= Giller (fishing) =

Giller is a 19th-century term for a person who fishes using a gillnet, as used in the Chesapeake Bay region from the early 19th to the mid-20th centuries. Gillers worked individually or in groups of two or three men using a small boat from which they set and gathered a gillnet. Gillnets first appeared on the Potomac River in 1838 to fish for American shad, and rapidly became the most popular type of fishing gear in the bay region because they allowed the independent fisherman to work with limited resources, following the fish with his boat and net as they moved from place to place in search of food or to spawn.
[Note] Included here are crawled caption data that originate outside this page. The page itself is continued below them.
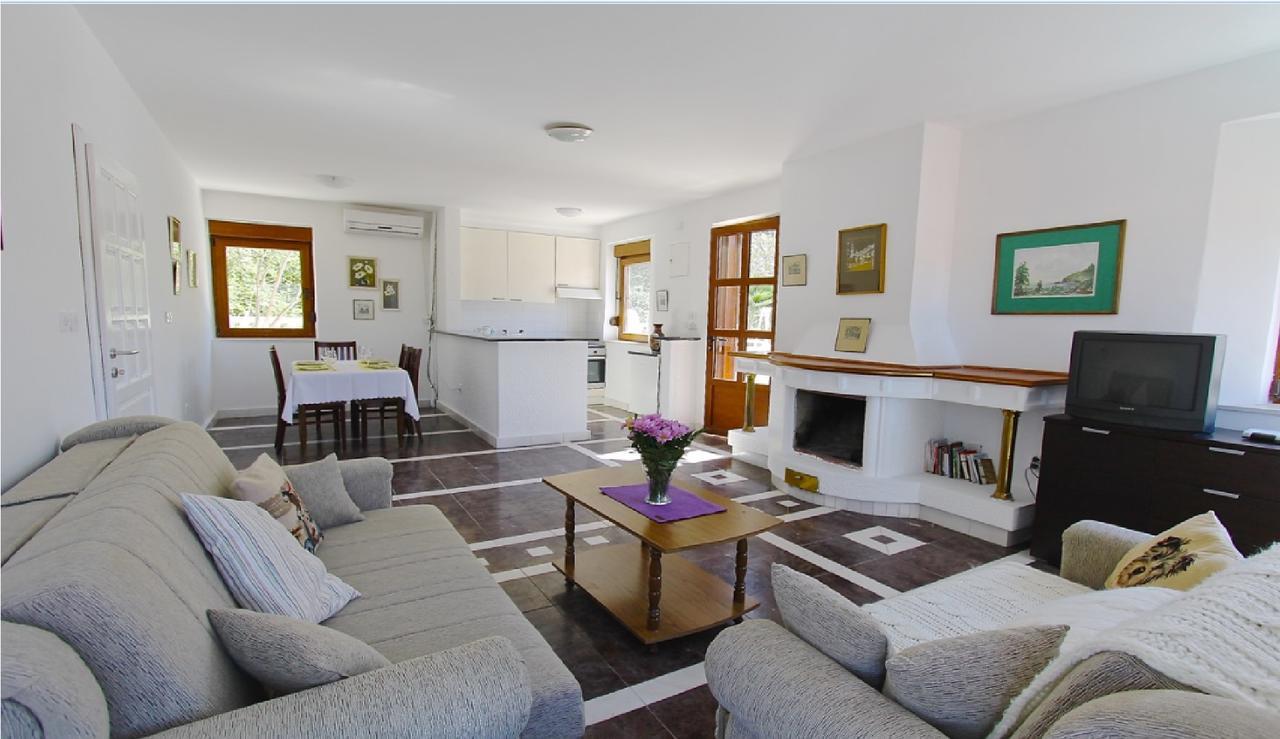 Villa Antic With Private Pool In *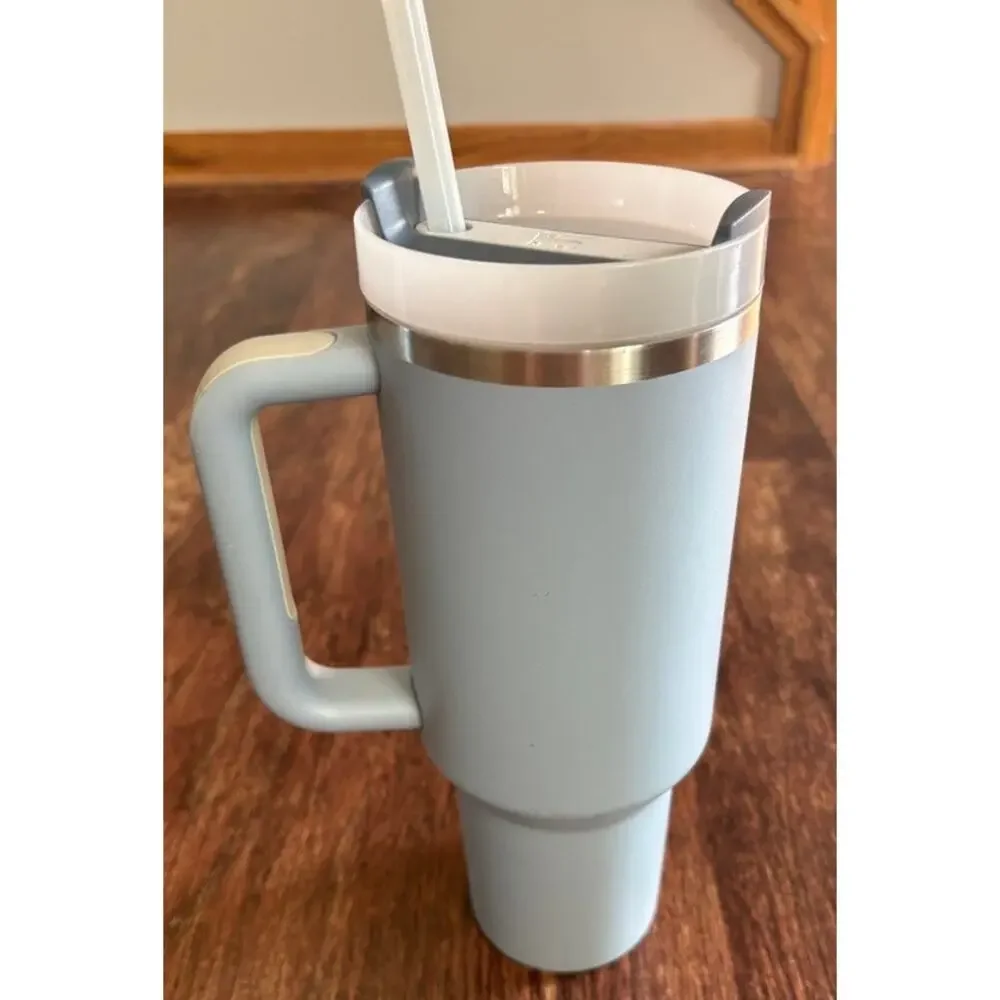 Stanley Quencher H2.0 FlowState 40oz Light Dusty Powder Blue Tumbler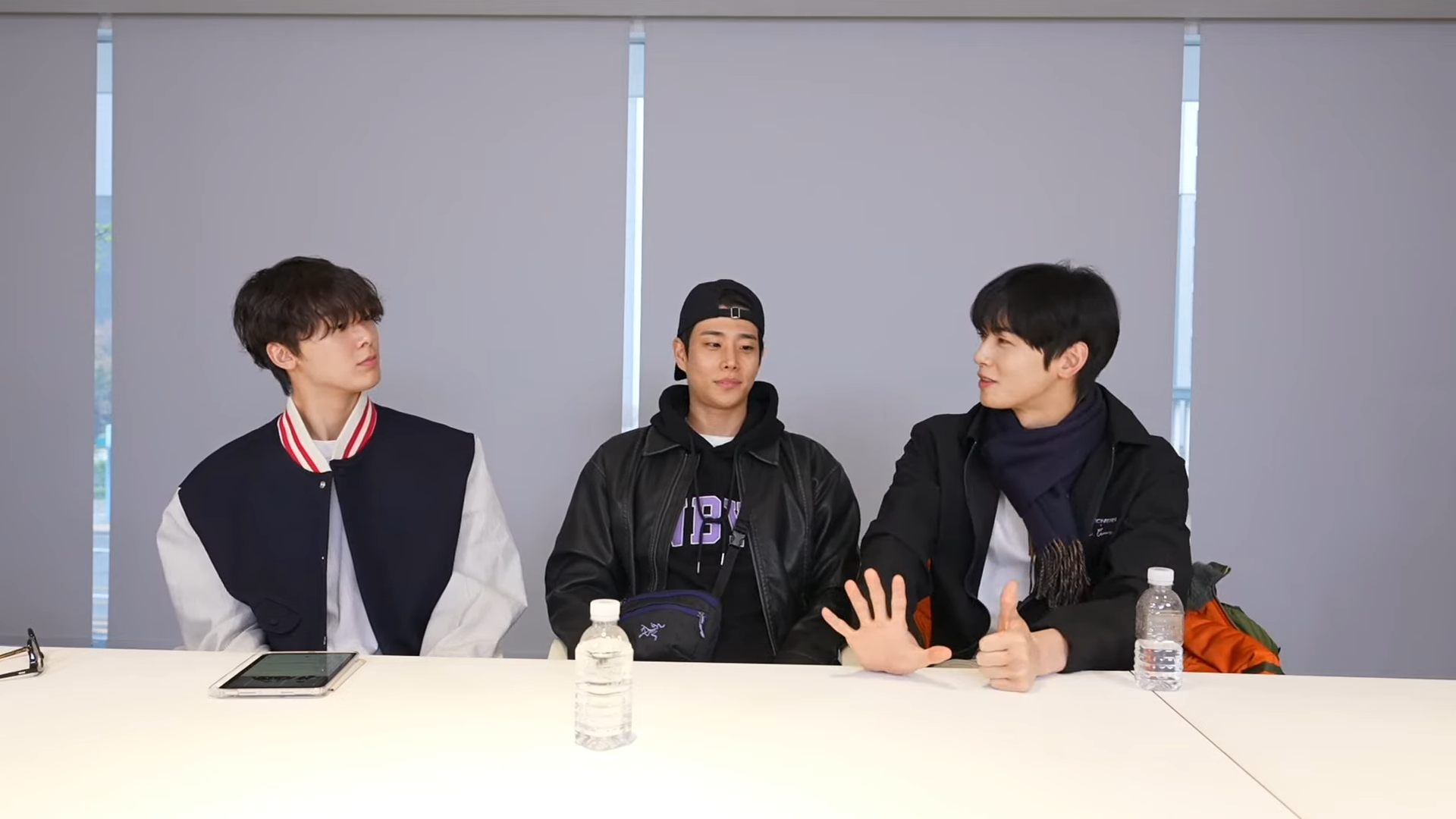 [잡담] 콘서트 날짜 스포하고 자지러지는 아스트로 | 인스티즈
Gillnet fishing in Chesapeake Bay shad fisheries frequently led to conflict among states bordering the bay, with Pennsylvania seiners blaming Maryland gillers for over-harvesting and blocking shad passage upstream into the Susquehanna River, and Maryland gillers blaming Virginia pound-netters for intercepting fish on their northward migration up the bay. Conflicts sometimes erupted into violent confrontations, called "Gillers Wars," during one of which in 1876, a giller in Charles County, Maryland was indicted by the county court for assault with intent to kill the captains of a steamer and a tug. Upon trial he was found not guilty, but his case evidences the extent of the trouble between gillnetters and other bay users that led to involvement by state authorities in regulating fishing and settling disputes involving gillers.